Neyse ki, bu büyüyen tehdit ölçeği zaten SaaS müşterilerini verilerini güvence altına alma ihtiyacından haberdar ediyor. Gartner’a göre, 2028 yılına kadar işletmelerin% 75’i SaaS uygulamalarının yedeklemesine, 2024’teki% 15’e kıyasla kritik bir gereklilik olarak öncelik verecek.
Bu eğilim aynı zamanda mevzuatın ve devlet kurumlarının dikkatinden kaçmamaktadır. 2024 ayrıca uyum ve düzenleyici konulara artan bir ilgi gördü. Sadece 17 Şubat’ta yürürlüğe giren Dijital Operasyonel Esneklik Yasası’ndan (DORA), NIS 2, SOC 2, HIPAA ve en kritik ve aynı zamanda savunmasız sektörlere adanmış daha fazla güvenlik eyleminden bahsetmek için.
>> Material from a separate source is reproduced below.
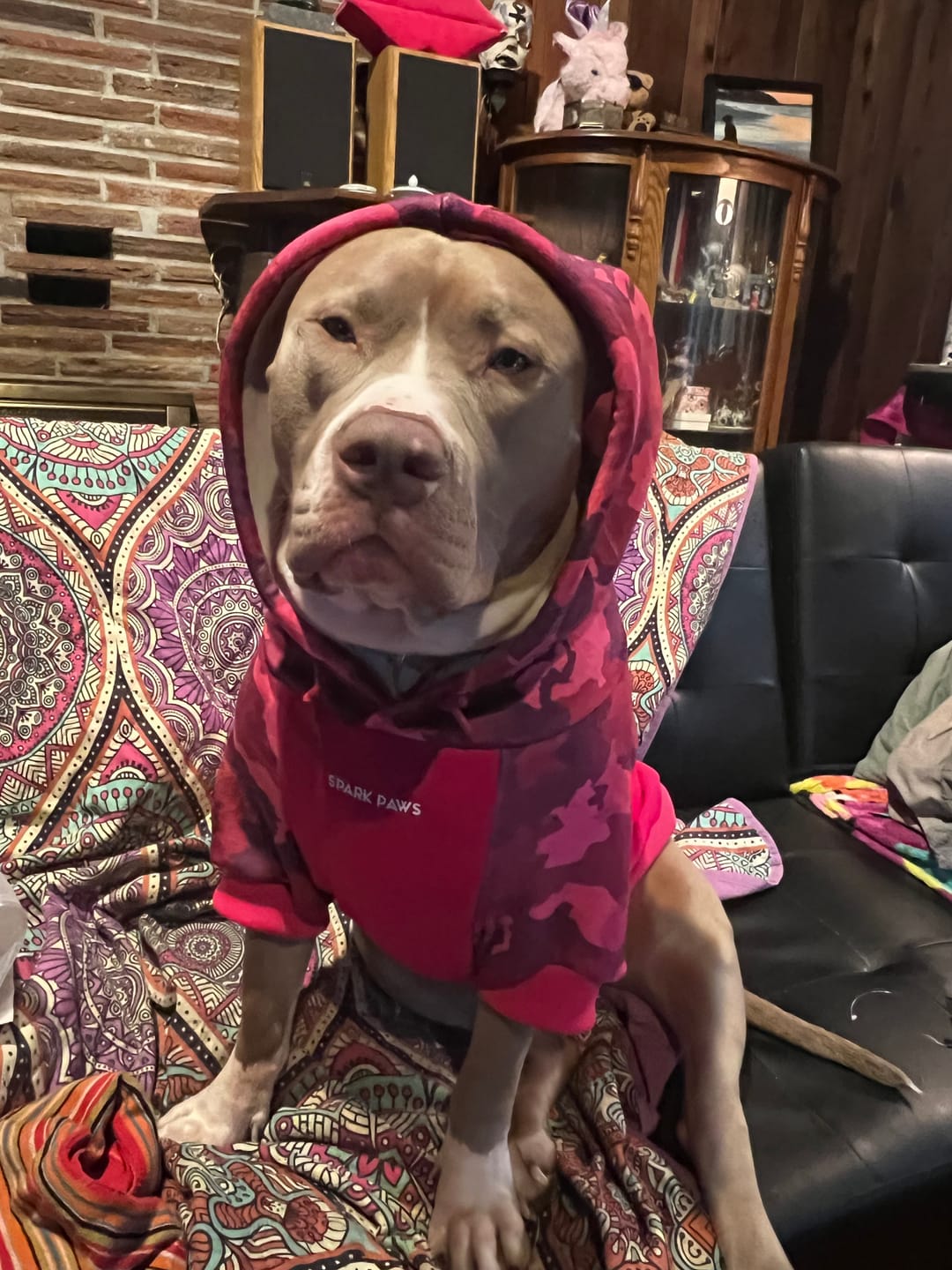 Customer photo review of WarmShield Water-Resistant Jacket - Lilac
Bu çerçeveler, Git depolarının yedeklemeleri, JIRA projeleri ve diğer DevOps araçları da dahil olmak üzere sağlam veri koruma önlemlerini zorunlu kılar.
İleriye Bakış: 2025 için Tahminler ve En İyi Uygulamalar
Siber tehditler gelişmeye devam ettikçe, kuruluşlar uyanık kalmalıdır. GitProtect.io’nun 2024 Devsecops Tehditleri Tehditleri 2025 için eyleme geçirilebilir bilgiler ve tahminler sunarak işletmelerin veri güvenliği stratejilerini güçlendirmeleri için güç veriyor.
Bu bulgulara ve uzman önerilerine daha derin bir dalış için resmi rapor sayfasını ziyaret edin.
__
Yazar – Hakkımızda
GitProtect.io By Xopero Software, tüm JIRA, Bitbucket, GitHub, GitLab, Azure DevOps ve daha fazla yığın verisi için dünya lideri otomatik ve yönetilebilir bir yedekleme ve felaket kurtarma çözümüdür. Hizmet kesinti sırasında bile Veri erişilebilirliği ve sorunsuz iş akışı ile DevOps’u sağlar. Güvenlik ekipleri tarafından güvenilir, bulut paylaşılan sorumluluk modelini karşılamaya, güvenlik standartlarına (ISO 27001 veya SOC 2) uymaya ve denetime hazır yönetişim, ileri raporlama ve sınıfının en iyisi güvenlik kontrolleri ile güçlendirilmeye yardımcı olur.
Daha fazla bilgi: https://gitprotect.io/
Reklam
LinkedIn Group Bilgi Güvenlik Topluluğumuza katılın!